Greetings from Australian Computer Society, Canberra Branch Forum where Kent Fitch talking about Scaling up: the technology behind the NLA's newspaper digitisation and the Trove search service.. He started by showing a newspaper article by Caroline Chisholm "An Australian Bush Scene". As well as searching the NLA's catalog and digitized newspapers and other on-line sources. Kent pointed out that any member of the public can correct the OCR text from the newspaper, add tags and comments. This has proved popular with tens of thousands of Australians. Here is a search of Trove for "Tom Worthington". I notcied NLA have issued a Persistent Identifier for me: http://nla.gov.au/nla.party-1017487
Kent mentioned that the NLA has archived copies of important Australian web sites, including that for the Sydney 2000 Olympics. This has proved useful to me as I can use it to teach my students about web accessibility.
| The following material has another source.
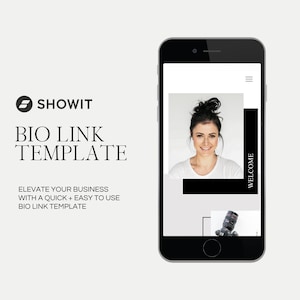 Instagram Link-In-Bio, Landing Page Template, ShowIt Websites, ShowIt Add-on Page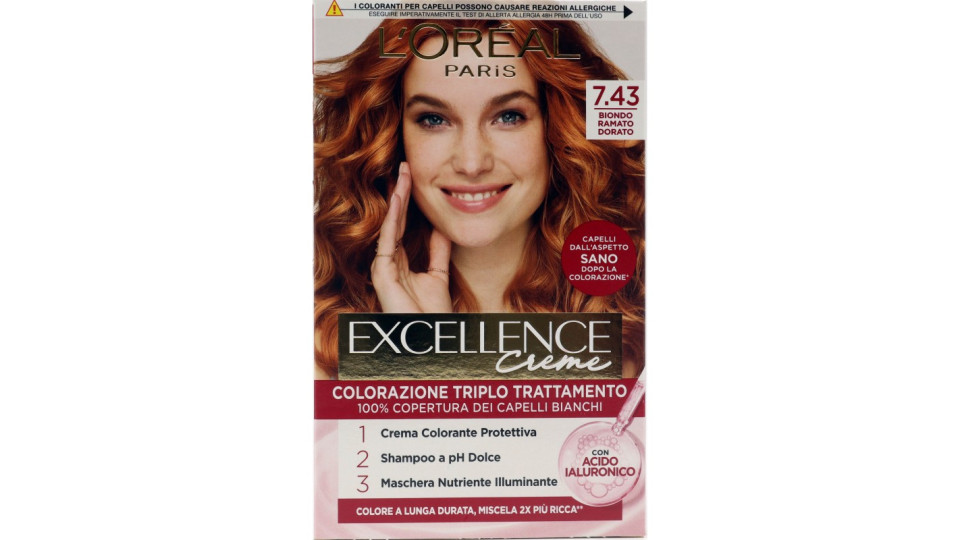 L'Oreal excellence n.7,43 biondo rame dorato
NLA are using the open source Lucene search engine and Solr service wrapper for Trove. NLA uses commodity servers, with Internal Solid State Drives, which are essential to the operation of the system, due to the many searches each query generates.
One flaw in the NLA's setup may be that it only has offices in Canberra. Loss of access to Canberra will therefore cut off access to Trove and perhaps result in the loss of all data contained in it permanently. This is not ideal for national cultural heritage and at least one live hot site and one remote backup, at least 300 km from the NLA building, should be used.